We want once a week, Akka.

And so it began. With the Board itself offering this module only from 2011, my total set of question papers was a grand sum of five. Here were kids demanding one every week. With that started my wrestle with IGCSE. For the last four weeks, I have perpetually either been correcting papers or setting the next week’s papers, or on weeks that I have been lazy/tied up/just not feeling it, eventually both. Sigh.

Last Saturday, I was in Chennai working on another project. I sat at a fancy hotel amidst the who’s who of the business world, convincing them that my laptop was open for their good, that I was planning the next session, readying the next set of slides, what have you. Instead, I had a Word document open simply titled ‘3’. The next window was another one titled ‘3_MS,’ and anyone familiar with the board exam routine should immediately recognise the acronym for ‘marking scheme.’ I sat there slyly working my way through that week’s question paper (the third in the series, to explain the minimalist name), and quickly dispatched it off to the school for printing in time for my arrival on Monday morning. Ten minutes later, my inbox had an email that read a total of one line. Printer not working, Yash. Maybe printing only Tuesday.

And that was the start of it all.

I entered school on Monday morning to a fairly warm welcome. It turns out that my arrival was synonymous with the arrival of question papers. Akka, today we have assessment? Akka, you have question paper? Akka, IGCSE test? I ran off to have a post-train journey shower. Every day for the rest of the week, they asked. They asked. They asked again. And my answer remained the same. Get the printer to work and you shall have your question paper. (One of them offered to go to Kerala to print the paper for me.)

Fast forward to this Monday morning, yesterday, and the printer was working but we had run out of ink, I think. I finally convinced everyone involved to save my soul and get me eight copies for the 10th grade class that day. The catch? The paper was fifteen minutes late in getting printed and needed to be assembled and stapled. Net net, the students would not have had a full two hours to write the paper. We will do it next class, I told them. No Akka, give it to us after school today. We will write it till 6 PM, they said. And so we did. I was rewarded with a share of their coconut bread at the end of that round of invigilation.

And that is how I came to have visitors at 9 PM outside my door today. On my way to dinner, one of them asked me if I had finished correction. I told her I had just gotten done. Word spread fast. Soon, with every helping of rice, I had another student asking me a new question. How much did I get, Akka? Did I do better than last time? Are you happy with my improvement? Did I get more in the reading section or the writing section? I tried to convince them I did not remember every section of each one of their papers by heart. I told them I would show them the next morning. We cannot sleep, Akka. What is the difference between tonight and tomorrow morning, I asked them, slightly bewildered. Exactly, they threw back at me. Show us now.

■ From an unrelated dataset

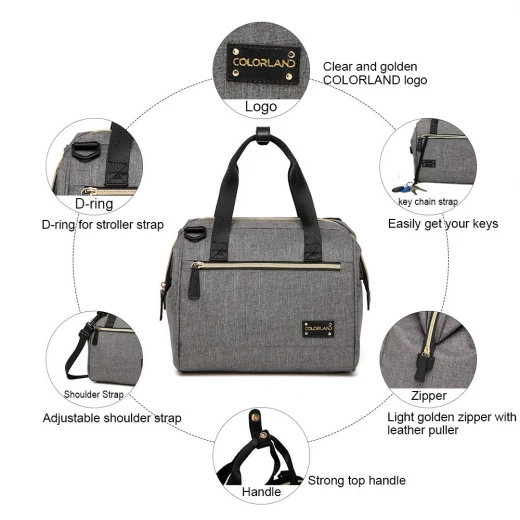 Colorland Baby Changing Bag (Gray) - كولورلاند - Image 5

So as I was finishing dinner, I looked up to see a semicircle of kids hovering behind my shoulder, unsure of how close was okay. They were waiting for me to get up, wash up, and walk up to my room. My customary glass of milk in my hand, I made the walk. Let the milk spill, Akka. I will get you tea in the morning, a girl said. Another saw me opening the door of the kitchenette to put the glass in and wanted to know why I had put the papers in the fridge. By the time I opened my door and brought the papers out, all eight of them were on my doorstep. And we had someone taking our picture.

Every week, these kids write a paper for me. Every week, they compare it against the week before as well as their own personal targets. Every week, they ask me if I am happy with how they have done, whether I can see an improvement. Every week, I am reminded of the strength of their ambition, their undying thirst to be better, learn more, try harder.

Every week, I swallow words of complaint at how I need to make another question paper. When the audience is this committed, isn’t it my job to be better, teach more, try harder?